I agree completely with this comment of Paul Krugman’s. We have a lot of those kinds of “centrists” these days. The ironic thing is that most independent voters in the US right now are not, by this definition, “centrists”. Most independent voters are turned off by Republican extremism, and comparatively more attracted to President Obama’s genuine spirit of bipartisanism. I’ve said repeatedly that the reason I’m still with Obama is that I thought he was selling this image of the Democrats the whole time – Obama plays the role of “the only reasonable person in the room” while the Republicans cry and demand their toys. Indpendent voters see that, and vote accordingly.

But the thing is, has Paul Krugman really gotten this about the President? He appears to get it in this article, but most of his other articles have been criticisms of the President for not fruitlessly trying to push through a bigger stimulus, despite the lack of votes, and not fruitlessly trying to push through single-payer health care, despite the lack of votes, and for not doing any one of a number of things on the Utopia-Limited-liberal-Left-wish-list…despite the lack of votes.

The thing is, had Krugman been the President instead of Obama, those same independent voters would be turned off, and the “high-minded” centrist narrative would probably have won the day. The choice would seem to be between the impossible and the horrible, instead of between the achievable and the horrible.

Incidentally, speaking of “high-minded”…how does the finger-wagging of a know-it-all economics professor sound? (Granted, he does know economics. He does know what _should_ be done. But how to _ensure_ it is done? Typically I think he would do better to defer to people who know more about that. Like the current occupant of the White House, for example.)

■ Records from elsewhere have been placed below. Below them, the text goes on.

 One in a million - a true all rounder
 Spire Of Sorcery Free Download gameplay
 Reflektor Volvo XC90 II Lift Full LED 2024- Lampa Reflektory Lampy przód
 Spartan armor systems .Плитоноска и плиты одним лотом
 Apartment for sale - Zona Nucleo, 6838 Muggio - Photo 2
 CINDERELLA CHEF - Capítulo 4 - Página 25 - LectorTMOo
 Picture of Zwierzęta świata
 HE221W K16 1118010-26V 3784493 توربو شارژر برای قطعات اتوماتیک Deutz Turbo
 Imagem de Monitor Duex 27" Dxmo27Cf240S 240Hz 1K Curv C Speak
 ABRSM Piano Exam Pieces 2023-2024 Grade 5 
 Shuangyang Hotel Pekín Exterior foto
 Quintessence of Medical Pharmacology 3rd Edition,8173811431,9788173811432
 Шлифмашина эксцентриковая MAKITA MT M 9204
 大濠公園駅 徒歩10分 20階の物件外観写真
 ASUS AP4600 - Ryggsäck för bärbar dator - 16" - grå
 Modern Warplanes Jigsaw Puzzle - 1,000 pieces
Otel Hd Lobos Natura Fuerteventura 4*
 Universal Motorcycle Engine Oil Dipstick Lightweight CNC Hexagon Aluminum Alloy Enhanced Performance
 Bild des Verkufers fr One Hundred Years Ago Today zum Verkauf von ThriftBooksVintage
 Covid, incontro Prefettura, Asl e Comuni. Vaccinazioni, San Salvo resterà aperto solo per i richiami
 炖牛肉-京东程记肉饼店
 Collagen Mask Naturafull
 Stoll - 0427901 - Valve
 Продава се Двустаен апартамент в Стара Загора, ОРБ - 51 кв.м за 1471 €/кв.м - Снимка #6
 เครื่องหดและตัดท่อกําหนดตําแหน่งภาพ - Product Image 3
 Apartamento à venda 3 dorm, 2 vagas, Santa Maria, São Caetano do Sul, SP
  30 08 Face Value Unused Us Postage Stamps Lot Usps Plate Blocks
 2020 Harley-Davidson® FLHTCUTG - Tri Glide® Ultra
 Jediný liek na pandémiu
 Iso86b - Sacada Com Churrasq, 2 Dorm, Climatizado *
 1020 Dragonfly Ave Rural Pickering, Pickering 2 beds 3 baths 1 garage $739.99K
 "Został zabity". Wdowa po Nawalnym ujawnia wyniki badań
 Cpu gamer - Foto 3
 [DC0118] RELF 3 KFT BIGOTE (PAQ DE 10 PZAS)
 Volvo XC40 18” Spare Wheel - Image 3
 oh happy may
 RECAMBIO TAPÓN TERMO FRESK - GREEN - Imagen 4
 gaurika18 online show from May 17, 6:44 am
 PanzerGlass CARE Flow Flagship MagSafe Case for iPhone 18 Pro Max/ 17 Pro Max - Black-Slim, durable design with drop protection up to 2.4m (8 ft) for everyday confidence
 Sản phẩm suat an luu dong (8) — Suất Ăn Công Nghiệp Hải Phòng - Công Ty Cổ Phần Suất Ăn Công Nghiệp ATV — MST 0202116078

[Before all of you write me to tell me I’m no stranger to sounding like a “high-minded know-it-all” myself…well, I probably do sound that way. Anyone who has an opinion and defends it probably sounds that way at times. But if Krugman is willing to dismiss the centre like this, he should be made aware that a lot of independent voters have different views than he ascribes to them, and relate to the President in just the opposite way than he describes. He may not be willing to see these independent voters for what they are because he has a self-congratulatory view of his own liberalism being “better” than centrism. Well, maybe it is, maybe it isn’t…and maybe he should check.]